The case between online auction site eBay and the French luxury brand MOET HENNESSY LOUIS VUITTON has been a headliner in the French courts for the past five years. MHLV originally sued eBay over counterfeit MHLV goods being sold on the auction site, alleging that eBay was partially liable for its users’ infringement. The French judge sided with MHLV and required eBay to pay damages to the company. In January 2007, after being sued for a second time by the luxury brand, eBay upped its infringement prevention practices. From this point on, sellers in select categories, such as luxury goods and clothing, were limited to the number of items they could sell and were no longer allowed to use the one-day auction option popular with counterfeiters. The site also introduced restrictions based on the sellers’ locations, banning sellers in Hong Kong and mainland China (locations hosting the greatest number of infringers on the eBay site) from selling such items at all. In addition, some listings were delayed from being posted on the eBay site to give eBay employees time to review the items. As a result of these measures, eBay claims that 95% of infringing goods are now removed from the site before the auction ends.

In 2008, however, eBay got sued once again by the French brand, and was ordered to pay $60.8 million dollars to the French brand. Citing its increased prevention and policing measures, eBay appealed the French court decision. Yet again, the French court sided with the MHLV. Though the amount was decreased, MHLV has continued to fight, slapping eBay with several more lawsuits in the past two years, most of which end up requiring eBay to pay. It seems that on France’s end at least, eBay is considered liable for its users’ infringing actions despite the measures it takes to prevent infringement.

eBay vs. Tiffany & Co.

TIFFANY & CO. also got in on the action in a Manhattan court, charging eBay with secondary trademark infringement and alleging that 75% of the 325 advertised TIFFANY items that the company bought on eBay since 2004 as part of an infringement prevention program were counterfeit. TIFFANY claimed that eBay’s failure to stop the sale of counterfeit goods on its website made it liable for trademark dilution, false advertising, and unfair competition.

This time, however, the judge was on eBay’s side. Judge Richard Sullivan asserted that the responsibility for policing its goods fell to TIFANNY & CO., not to eBay, and that the luxury brand had failed to prove that eBay was liable for the infringement.

Unlike the French judges, the Manhattan court found that the online auction site could not be held responsible for the infringement activities of its users.

eBay Sellers Charged with Infringement

In addition to the company itself facing charges of infringement, the law has cracked down on individual sellers that sell illegal goods online. In 2004, CARTIER INTERNATIONAL and MONTBLANC-SIMPLO filed complaints about two eBay vendors—Marina’s Boutique Store and Verona Eyewear—in a California court. The two companies sought damages for trademark infringement, trademark dilution, and false advertising.
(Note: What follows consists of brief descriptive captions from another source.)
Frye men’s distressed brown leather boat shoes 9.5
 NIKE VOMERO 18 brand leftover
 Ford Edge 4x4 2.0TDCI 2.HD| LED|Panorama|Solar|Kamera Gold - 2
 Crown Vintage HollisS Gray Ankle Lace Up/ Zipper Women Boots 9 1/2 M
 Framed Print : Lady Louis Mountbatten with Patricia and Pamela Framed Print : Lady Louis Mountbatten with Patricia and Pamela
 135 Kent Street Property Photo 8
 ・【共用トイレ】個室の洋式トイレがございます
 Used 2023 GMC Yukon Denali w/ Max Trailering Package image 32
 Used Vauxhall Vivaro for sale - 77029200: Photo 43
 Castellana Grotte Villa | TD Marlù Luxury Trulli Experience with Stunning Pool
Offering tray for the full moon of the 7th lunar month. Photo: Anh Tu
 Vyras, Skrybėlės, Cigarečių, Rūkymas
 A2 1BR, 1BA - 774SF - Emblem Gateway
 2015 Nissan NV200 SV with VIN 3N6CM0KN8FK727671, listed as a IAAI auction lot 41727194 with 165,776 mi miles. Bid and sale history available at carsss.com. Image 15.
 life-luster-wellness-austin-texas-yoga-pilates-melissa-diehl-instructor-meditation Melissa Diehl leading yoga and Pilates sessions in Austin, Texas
Another individual seller from Portland, Oregon was sentenced to four years in federal prison after he ran a counterfeit software operation through eBay. He pleaded guilty to copyright infringement, mail fraud, and identity threat after he used hundreds of stolen identities to conceal his own. He will also serve three years probation and community service after he is released, and forfeit the $220,000 in income he made selling the infringing software.

Whereas eBay’s liability in these cases remains unclear, the law has set a firm precedent in terms of individual infringers, doling out significant jail terms and financial penalties.